* **MATERIAL PROVIDED**:
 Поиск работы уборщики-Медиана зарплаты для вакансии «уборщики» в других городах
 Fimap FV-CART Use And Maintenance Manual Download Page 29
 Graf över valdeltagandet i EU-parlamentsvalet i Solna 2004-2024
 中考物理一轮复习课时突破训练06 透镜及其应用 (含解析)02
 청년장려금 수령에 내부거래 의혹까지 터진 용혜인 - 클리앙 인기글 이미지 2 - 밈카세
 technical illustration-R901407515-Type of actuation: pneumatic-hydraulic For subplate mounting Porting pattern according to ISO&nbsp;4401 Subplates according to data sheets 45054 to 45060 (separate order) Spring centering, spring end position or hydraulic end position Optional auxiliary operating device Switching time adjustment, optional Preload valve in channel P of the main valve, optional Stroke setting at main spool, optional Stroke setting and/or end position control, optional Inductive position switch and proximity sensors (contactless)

* **ABOUT THIS TASK**: From the first line to the last, return the data exactly as written.

* **YOUR SOLUTION**:
 Поиск работы уборщики-Медиана зарплаты для вакансии «уборщики» в других городах
 Fimap FV-CART Use And Maintenance Manual Download Page 29
 Graf över valdeltagandet i EU-parlamentsvalet i Solna 2004-2024
 中考物理一轮复习课时突破训练06 透镜及其应用 (含解析)02
 청년장려금 수령에 내부거래 의혹까지 터진 용혜인 - 클리앙 인기글 이미지 2 - 밈카세
 technical illustration-R901407515-Type of actuation: pneumatic-hydraulic For subplate mounting Porting pattern according to ISO&nbsp;4401 Subplates according to data sheets 45054 to 45060 (separate order) Spring centering, spring end position or hydraulic end position Optional auxiliary operating device Switching time adjustment, optional Preload valve in channel P of the main valve, optional Stroke setting at main spool, optional Stroke setting and/or end position control, optional Inductive position switch and proximity sensors (contactless)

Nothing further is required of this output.